The quest for universal foundational models in scientific machine learning (SciML) faces a critical bottleneck: negative transfer. This phenomenon has hindered the plasticity of dense neural operators, as training across different physical domains, such as fluid dynamics and porous media flow, induces gradient conflicts and optimization instability. The incompatible spectral and geometric demands of these different physics pose significant challenges to a single dense parameter path.

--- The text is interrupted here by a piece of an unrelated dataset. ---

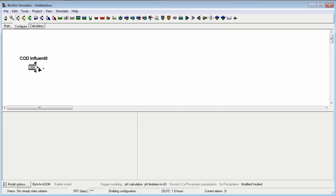Notice that the cursor stays in drawing mode until we tell BioWin otherwise. If we want to add more elements of this type, we simply click elsewhere on the drawing board. We probably don't want to double-click because that will place two elements right next to each other.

Visual TL;DR. SciML bottlenecks lead to dense operator failures. The bottleneck in SciML leads to the Shodh-MoE architecture. The Shodh-MoE architecture provides compressed potential. Shodh-MoE architecture leads to intra-tokenizer velocity. The speed within the tokenizer is physically enabled. Shodh-MoE architecture leads to interference rejection. Breaking through interference leads to Universal SciML.

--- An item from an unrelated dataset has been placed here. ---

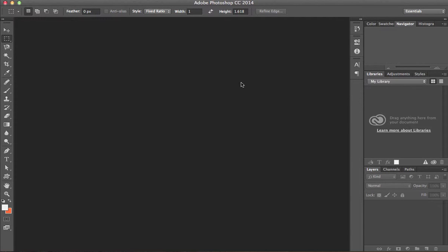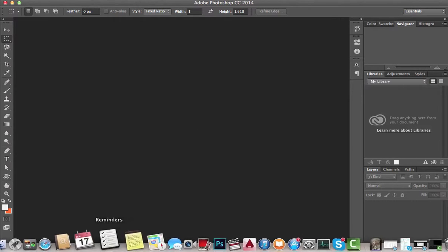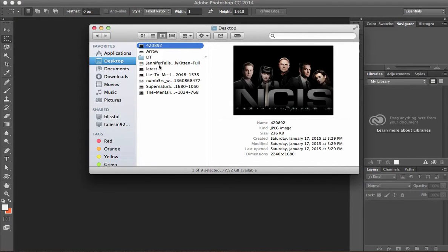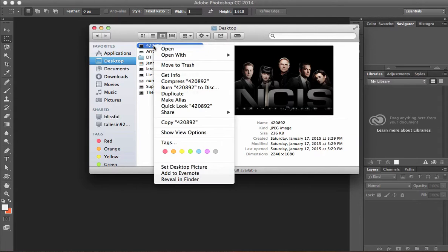Hello everyone, and welcome to another tutorial of Photoshop in under a minute. In this series, I'm going to show you how to open files in Photoshop four different ways. Let's do the final fourth way — go to Finder, right-click.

SciML Bottleneck: Negative Transfer from Training Across Different Body Regimes
Dense operator failure: Gradient conflicts occur due to incompatible spectral/geometric demands.
Shodh-MoE architecture: a new sparsely activated latent transformer for multiphysics transfer
Compression potential: 16^3 physical potential generated by physics-based autoencoder
Intratokenizer velocity: Helmholtz-style parameterization constrains decoded states
Physically Valid: Guarantees a divergence-free velocity manifold for the decoded state
Break Interference: Resolve multiphysics interference due to sparse activations.
Universal SciML: Realize basic models with guaranteed physical properties
Visual TL;DR
Eliminating multiphysics interference with sparse activation
Ellwil and Arastu Sharma introduce the Shodh-MoE architecture, a new sparsely activated latent transformer designed to tackle multiphysics transfer. This approach utilizes a compressed 16^3 physical latent generated by a physically-informed autoencoder. A key innovation is the Helmholtz-style velocity parameterization within the tokenizer. This restricts the decoded states to physically valid divergence-free velocity manifolds. This not only ensures accurate mass conservation, but also achieves a physically verifiable velocity divergence of approximately 2.8 x 10^-10, post-verified in FP64 on a 128^3 grid.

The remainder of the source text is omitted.